We willen de uitgaande internetverbindingen in de hand houden om verkeer van het type "Command & Control" (C2) of geheime kanalen te detecteren en de toegang tot malware of kwaadaardige websites te blokkeren. Daarvoor dient een proxy.

Positie en encryptie

De proxy moet voldoende performant zijn om verkeer te ontsleutelen en analyseren. De proxyserver is dus een gateway tussen de gebruiker en de bestemmingsserver. De server behandelt alle verzoeken en reacties namens de gebruiker. In deze rol kan de proxy de inhoud van elke verbinding lezen en de gewenste filters toepassen.

Een proxy moet ook zorgen voor een veilige verbinding tussen zichzelf en de andere betrokken actoren. Men gebruikt hiervoor best TLS 1.3. Zorg ervoor dat er nooit toestemming wordt gegeven voor een downgrade van de versleutelingsmethoden. Met andere woorden, we willen expliciete proxies gebruiken in plaats van "bump-in-the-wire" (of transparante) proxies, die tekort schieten bij versleuteld verkeer.

De proxy moet ook beschikken over alle moderne protocolanalysemogelijkheden: HTTPv3, QUIC, DoT, DoH, DoQ, media streaming, enz.

We willen netwerktelemetrie kunnen volgen om anomalieën te identificeren (zeer waardevol bij exfiltratiedetectie) en ook netwerk captures (PCAP) om toekomstige bedreigingen op te sporen. Het loggen van HTTP-headers is ook interessant om gegevenslekken te vinden. Dit valt buiten het bestek van dit artikel, maar als u meer informatie of implementatiemethoden wilt, kunt u het volgende artikel raadplegen: https://cqr.company/web-vulnerabilities/information-leakage-via-http-headers/.

Authenticatie van gebruikers

Hiermee bepaalt u hoe apparaten van gebruikers worden gevalideerd als ze toegang willen tot het internet. De authenticatie van proxies moet ingeschakeld worden, om nieuw beleid te kunnen maken voor gebruikers of groepen. 

Er kunnen twee methoden worden gebruikt om een gebruiker te verifiëren, via het IP-adres van het apparaat of via een gebruikersnaam en wachtwoord.

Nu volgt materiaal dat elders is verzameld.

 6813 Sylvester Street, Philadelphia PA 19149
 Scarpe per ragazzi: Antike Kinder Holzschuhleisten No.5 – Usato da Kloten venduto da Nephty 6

De tweede optie is uiteraard de beste, maar is niet mogelijk voor elk onderdeel van het netwerk, bijvoorbeeld servers. Vervolgens maken we een lijst met toegestane bronhosts en bestemmingen op basis van technische behoeften (updateservers). Servertoegang tot het internet is het gemakkelijkst te misbruiken door aanvallers om gegevens te stelen. Elke toegang die niet geauthenticeerd is of niet op de lijst staat, moet worden geblokkeerd.

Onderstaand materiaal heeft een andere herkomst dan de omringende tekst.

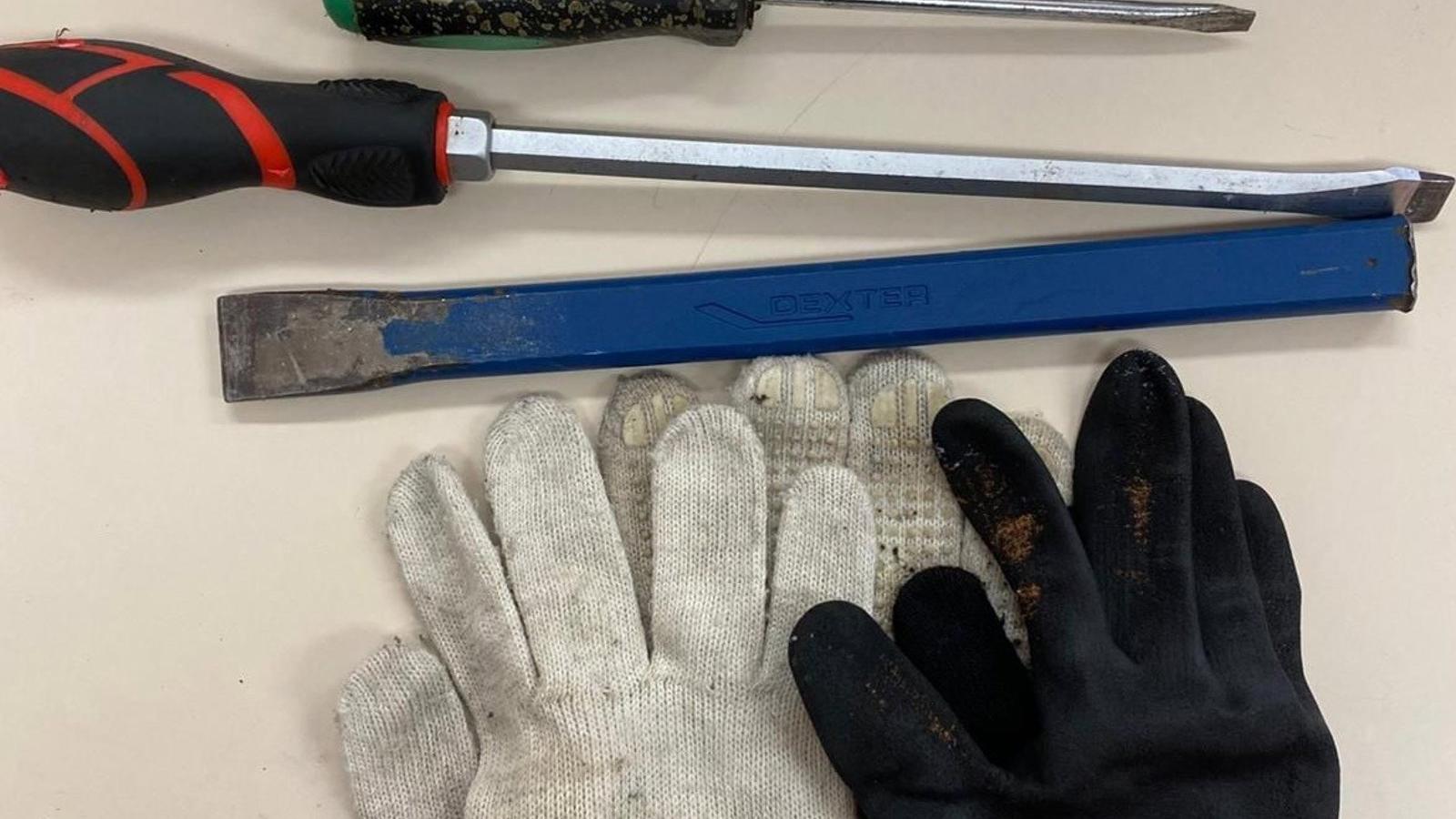 Cuatro detenidos por robar en viviendas de Fuenlabrada mediante el 'impresioning'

Door gebruikers te verifiëren moet de proxy in staat zijn om lokale of domeinbeheerders, bevoorrechte accounts of serviceaccounts te detecteren en hun toegang tot het internet te blokkeren.

Configuratie van de host

Bij een expliciete proxy gebruiken we meestal een Proxy Auto-Configuration (PAC) bestand of Web Proxy Auto-Discovery (WPAD). Dit beschrijft aan de client host hoe men toegang krijgt tot bronnen, afhankelijk van de URL, hostnaam of IP. Dit bestand moet worden opgeslagen op een manier die gemakkelijk en snel toegankelijk is voor de gebruikers, maar niet van buitenaf. Enkel gebruikers met de juiste privileges kunnen het wijzigen.

Met dit bestand is het mogelijk om bepaalde verbindingen te configureren zodat ze de proxy (DIRECT) omzeilen, maar de risico's die dit met zich meebrengt moeten zorgvuldig worden afgewogen.

Configuratie van de proxy

Binnen het kader van dit beleid moet de proxy worden geconfigureerd om:

  • Uitvoerbare bestanden, bibliotheken, scripts, installatieprogramma's of andere toepassingen te beperken tot een vooraf goedgekeurde lijst.
  • De mogelijkheid te beperken om niet-goedgekeurde bestandstypen te downloaden.
  • Actieve of niet scanbare inhoud te blokkeren, zoals bestanden met macro's of versleutelde bestanden.
  • Gebruik te maken van de categorieën van websites. Deze informatie wordt meestal aangeleverd door de leverancier. Zo verleent men enkel toegang tot websites afhankelijk van de behoeften van de rol van de gebruiker. Aangezien er steeds nieuwe malwaresites bijkomen, is het verstandig om nieuwe websites of websites die niet tot een categorie behoren, te blokkeren.
  • Malware via heuristiek, reputatie en handtekening te detecteren en blokkeren.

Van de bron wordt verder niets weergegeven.